Rockets as Precision Instruments: The Science Behind APEP
To achieve their objectives, the APEP team has strategically chosen sounding rockets, capable of offering precise measurements from multiple locations in the ionosphere during a solar eclipse. The rockets will be equipped with small scientific instruments designed to record changes in electric and magnetic fields, density, and temperature. Positioned just outside the path of annularity, where the Moon directly aligns with the Sun, these rockets will gather data at altitudes ranging from 45 to 200 miles above Earth’s surface.
A Glimpse into the Future: A Subsequent Launch on the Horizon
The APEP project doesn’t end with the October 14 mission.
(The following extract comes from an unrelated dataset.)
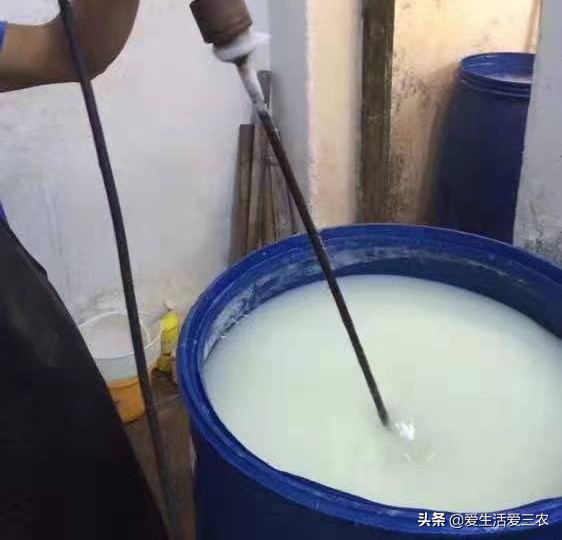 投资几千元在农村开办洗洁精加工厂，月入几万不难，请收藏！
Plans are underway for a subsequent launch from NASA’s Wallops Flight Facility in Virginia on April 8, 2024, coinciding with a total solar eclipse sweeping across the United States. This launch will offer an opportunity to assess the broader effects of an eclipse, albeit from a greater distance compared to the October annular eclipse.
Significance of APEP: Advancing Space-Based Research
NASA’s APEP mission under the guidance of Dr. Barjatya represents a significant leap forward in space-based research. By unraveling the mysteries of eclipses and their impact on Earth’s ionosphere, scientists aim to enhance our understanding of space weather, ultimately benefiting satellite communications and navigation systems that society heavily relies upon.
As the world eagerly anticipates the celestial marvel on October 14, scientists and researchers, led by Dr. Aroh Barjatya, stand prepared to delve into the heart of the eclipse, unraveling its secrets and advancing our knowledge of Earth’s atmospheric phenomena.